_Task objective_:
Copy each line below as written, but skip the pictures.
[Start of Attachment]
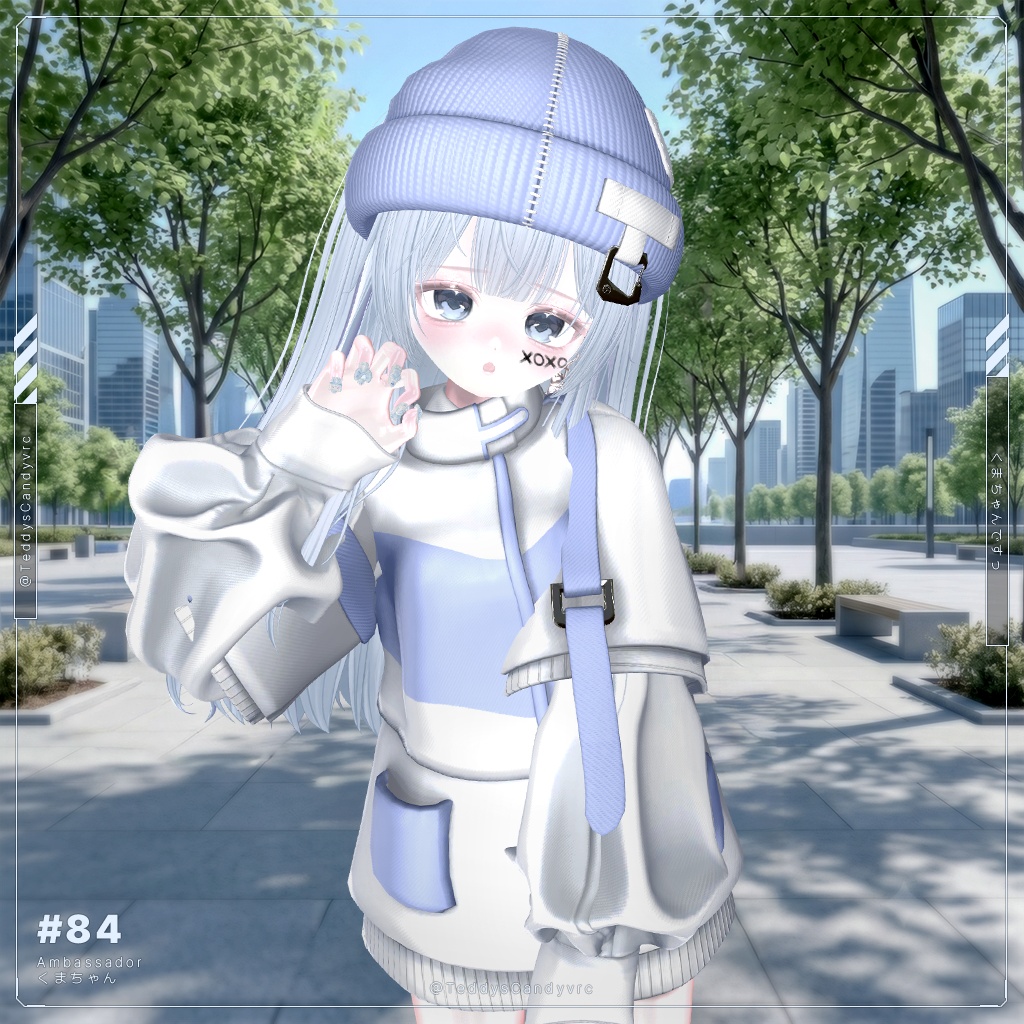 𝟓𝟎%✨【20人】 Resonance 【VRChat想定】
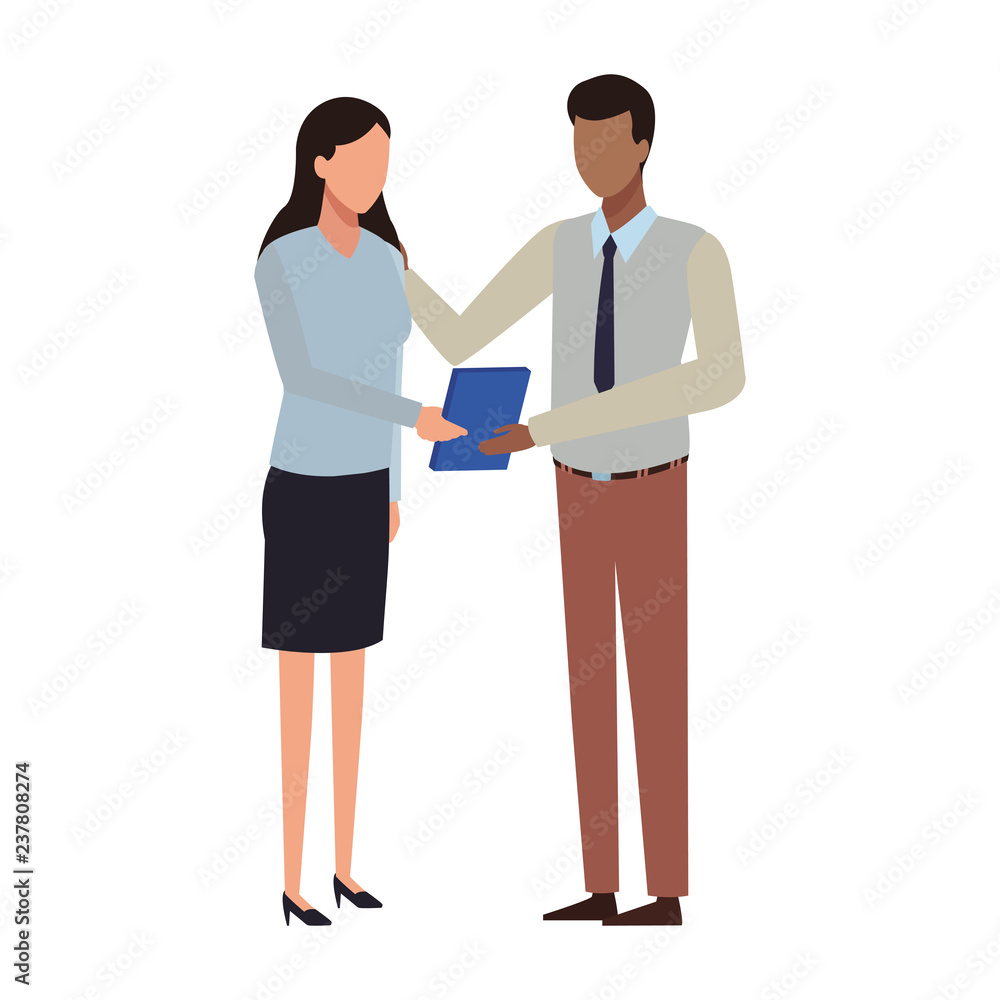 business people working business people working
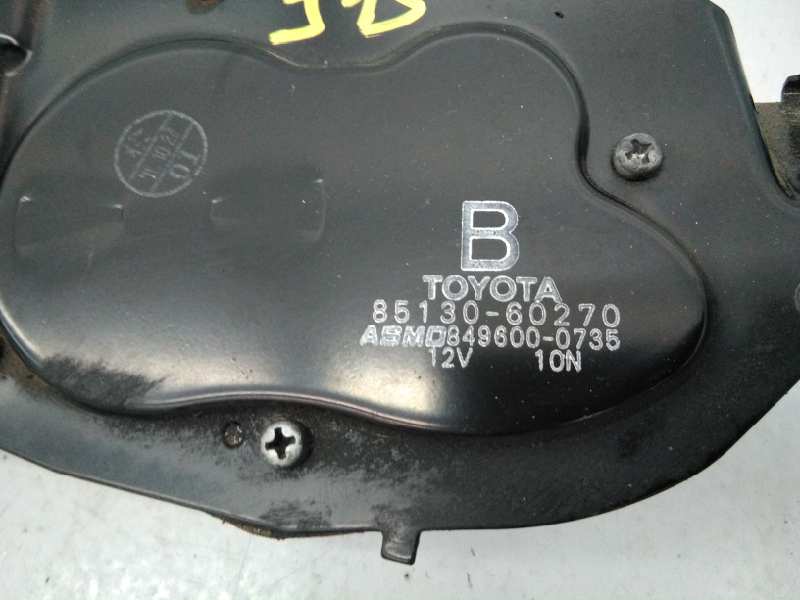 TOYOTA Land Cruiser 70 Series (1984-2024) Tailgate  Window Wiper Motor 8513060270,E2-A3-5-1 18557414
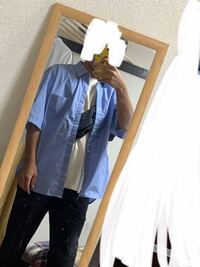 高校生ですこの服装に中にショルダーバッグ入れてみたんですがダサいですか Yahoo 知恵袋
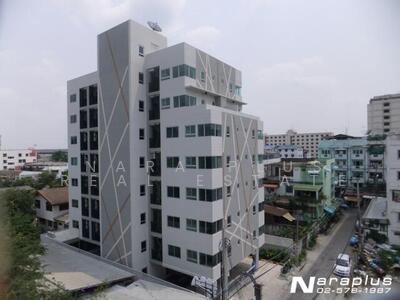 ขาย - Lutino Condominium Rewadee : ลูติโน่ คอนโดมิเนียม เรวดี, นนทบุรี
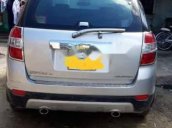 Chính chủ bán ô tô Chevrolet Captiva năm sản xuất 2008, màu bạc, nhập khẩu nguyên chiếc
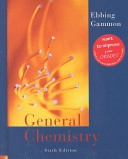 General chemistry; Darrell D. Ebbing; 1999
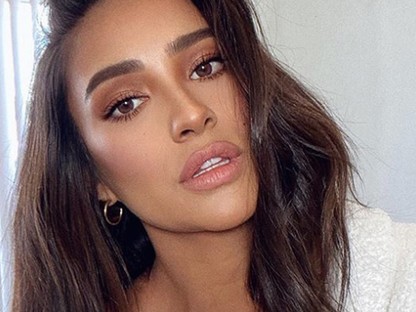 Get the Look: Így készítsd el Shay Mitchell tökéletes nude sminkjét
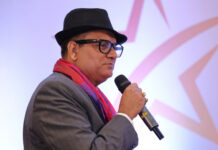 Santosh Shukla as CEO of British Organization World Book of Records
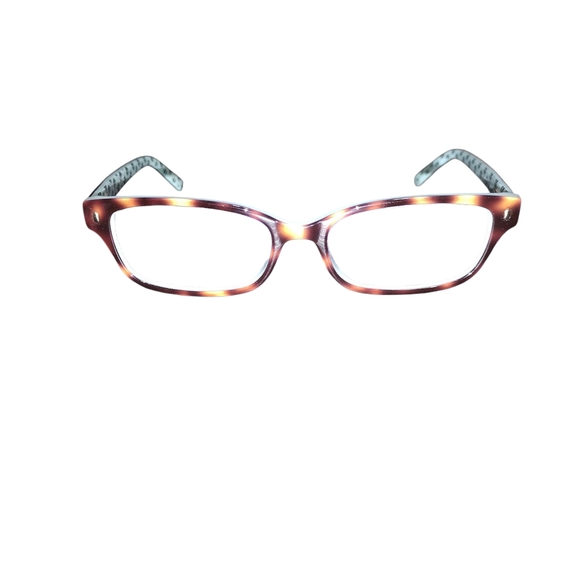 Kate Spade Tortoise Shell Glasses With A Coa - Picture 1 of 4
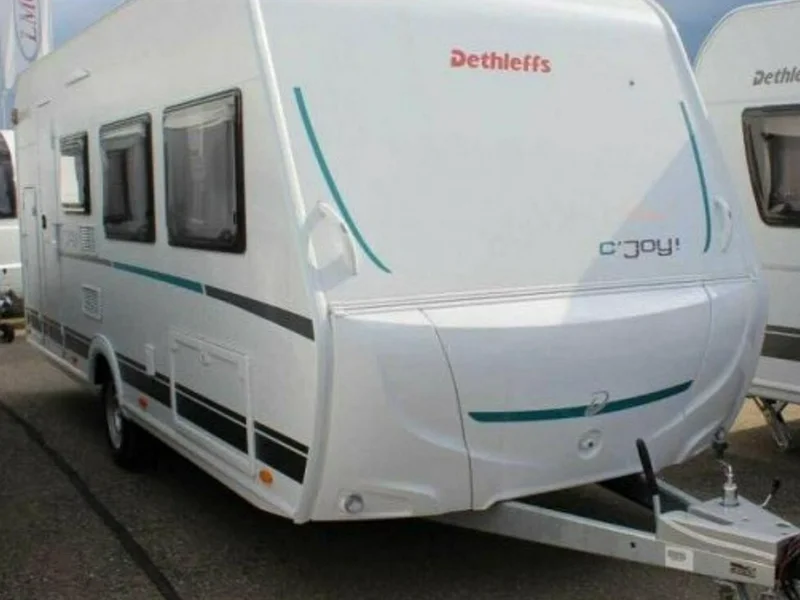 Dethleffs c joy 480 QLK / bis 6 Pers. 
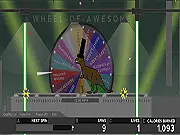 Treadmillasaurus Rex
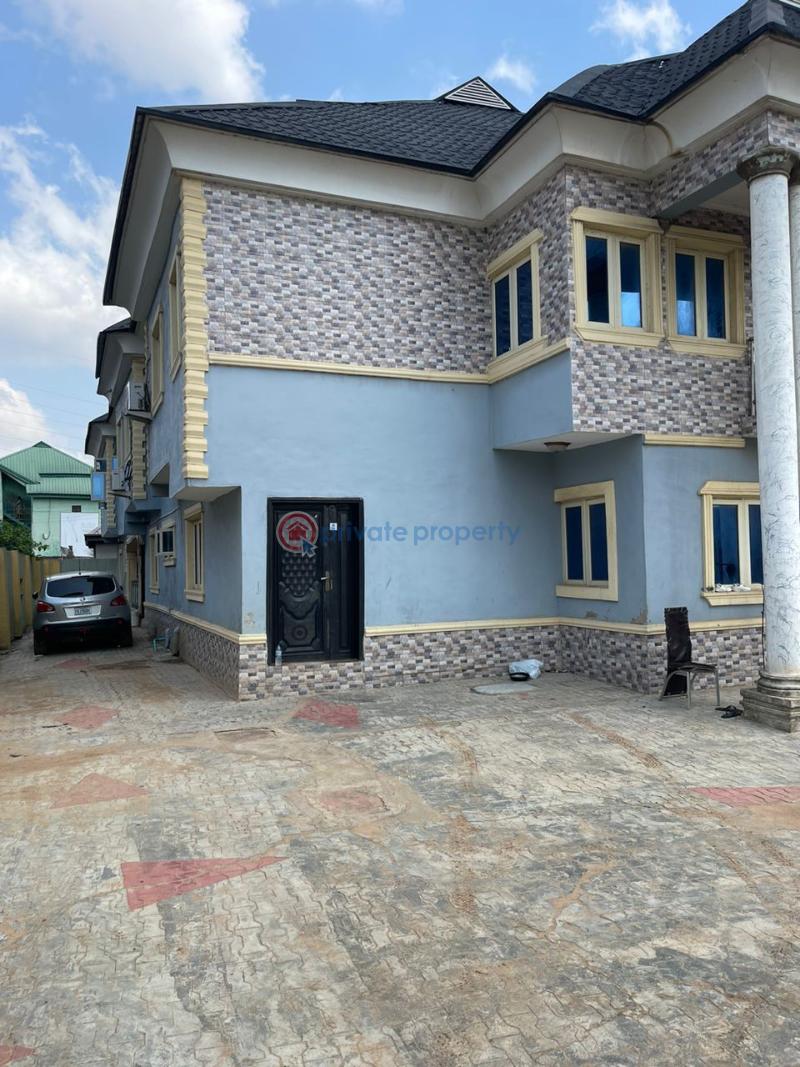3 bedroom Detached Duplex For Sale Agodo Ikotun Egbe Ikotun/Igando Lagos - 2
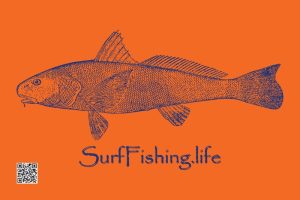 CAROLINA WHITING 12"X18" DOUBLE SIDED FLAG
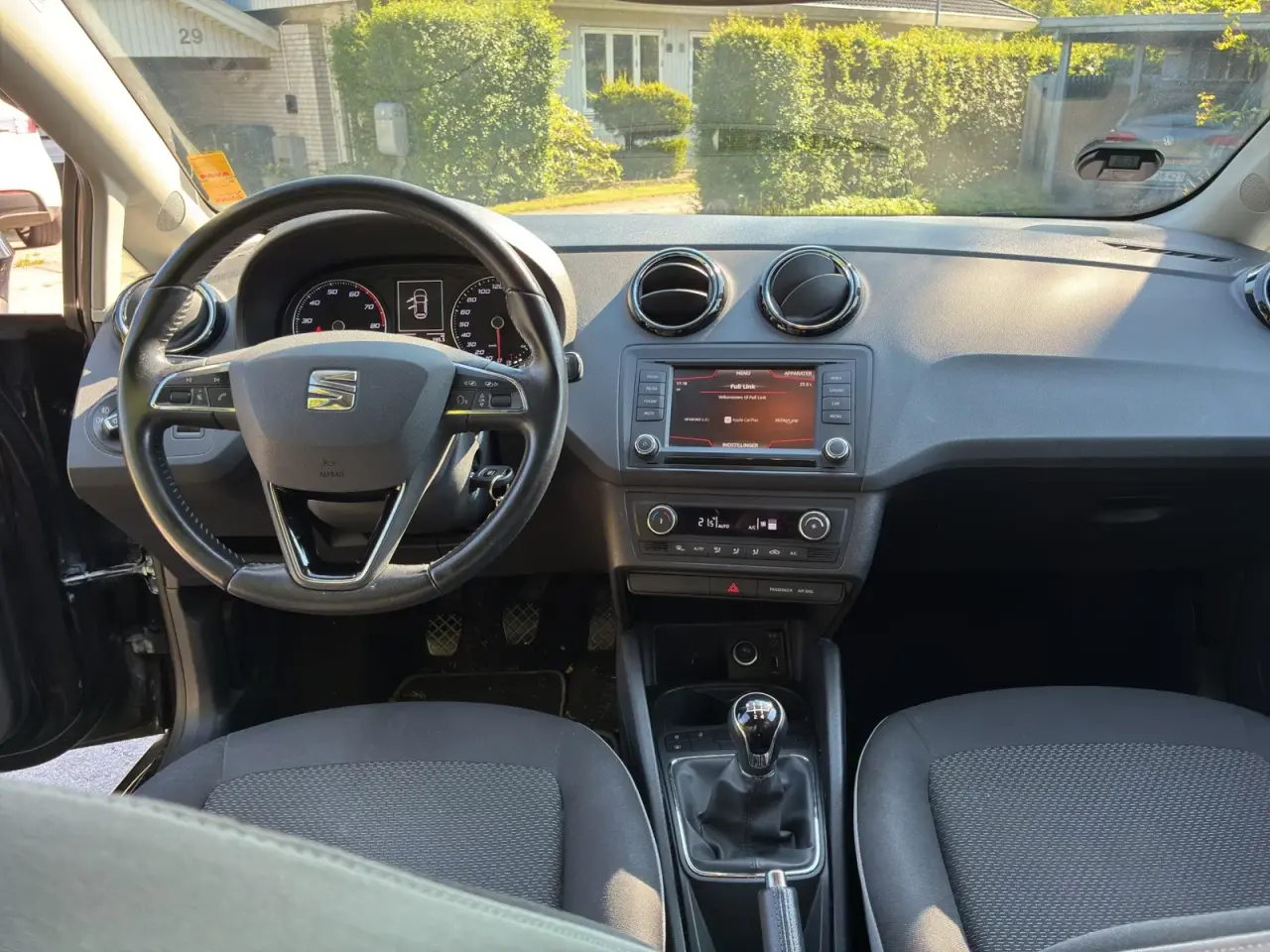 Billede 12 - Seat Ibiza 1,0 TSi 95 Style
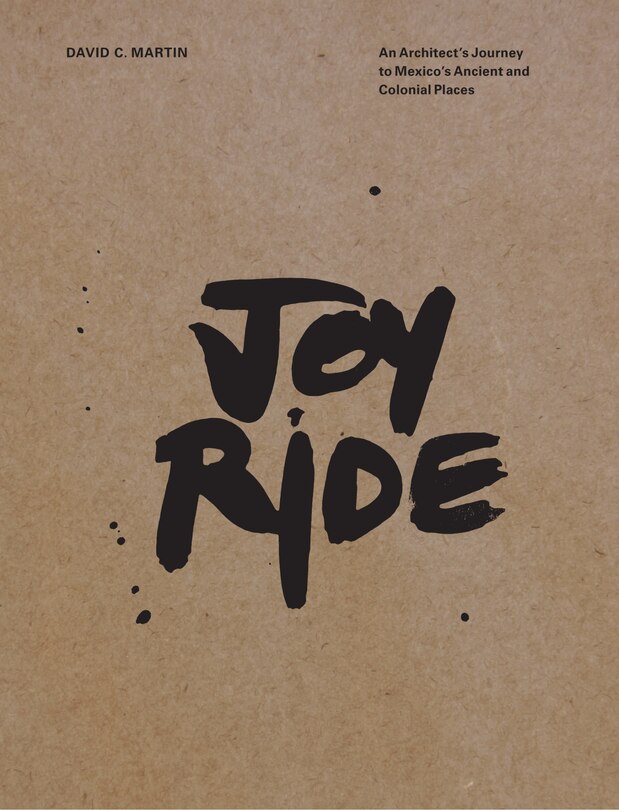 Front cover_Joy Ride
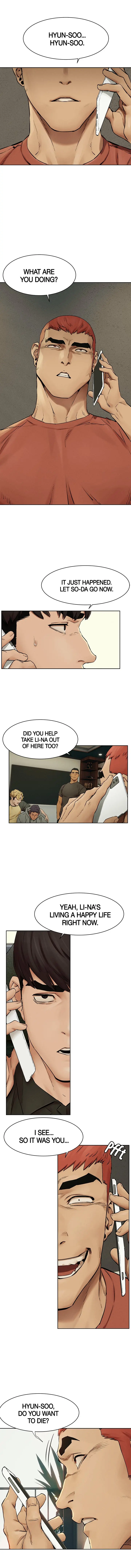 My Kingdom Silent War Chapter 146 - Page 10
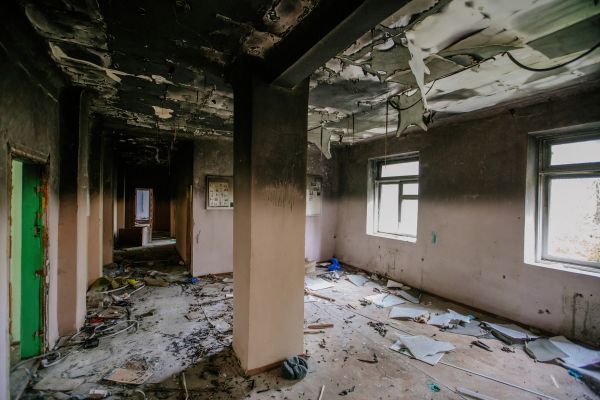 Cost of Fire Damage Reconstruction in Englewood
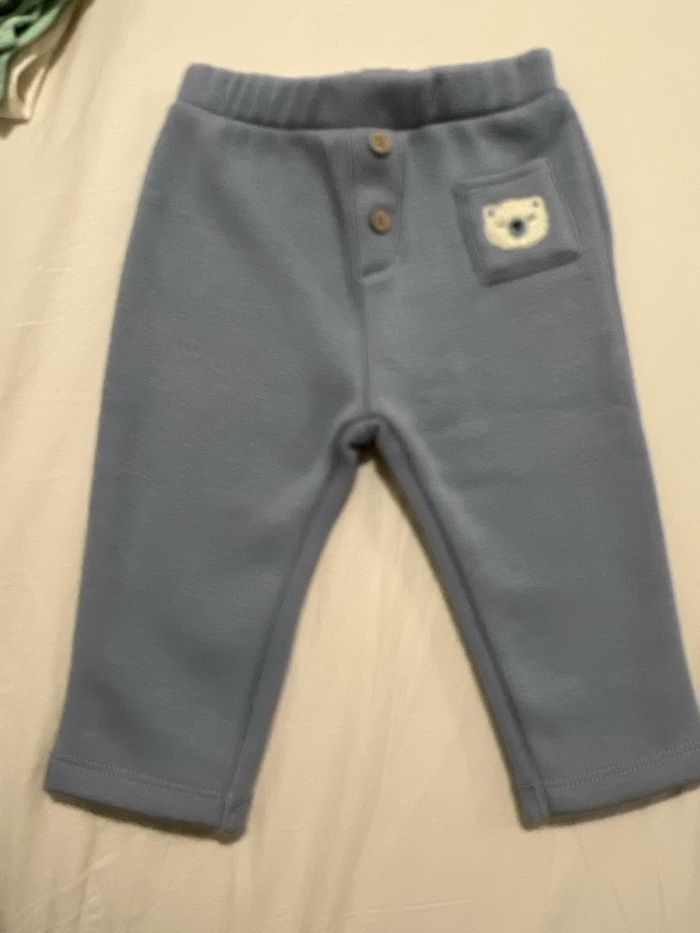 pantalon bébé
[End of Attachment]
_Task output_:
 𝟓𝟎%✨【20人】 Resonance 【VRChat想定】
 business people working business people working
 TOYOTA Land Cruiser 70 Series (1984-2024) Tailgate  Window Wiper Motor 8513060270,E2-A3-5-1 18557414
 高校生ですこの服装に中にショルダーバッグ入れてみたんですがダサいですか Yahoo 知恵袋
 ขาย - Lutino Condominium Rewadee : ลูติโน่ คอนโดมิเนียม เรวดี, นนทบุรี
 Chính chủ bán ô tô Chevrolet Captiva năm sản xuất 2008, màu bạc, nhập khẩu nguyên chiếc
 General chemistry; Darrell D. Ebbing; 1999
 Get the Look: Így készítsd el Shay Mitchell tökéletes nude sminkjét
 Santosh Shukla as CEO of British Organization World Book of Records
 Kate Spade Tortoise Shell Glasses With A Coa - Picture 1 of 4
 Dethleffs c joy 480 QLK / bis 6 Pers. 
 Treadmillasaurus Rex
3 bedroom Detached Duplex For Sale Agodo Ikotun Egbe Ikotun/Igando Lagos - 2
 CAROLINA WHITING 12"X18" DOUBLE SIDED FLAG
 Billede 12 - Seat Ibiza 1,0 TSi 95 Style
 Front cover_Joy Ride
 My Kingdom Silent War Chapter 146 - Page 10
 Cost of Fire Damage Reconstruction in Englewood
 pantalon bébé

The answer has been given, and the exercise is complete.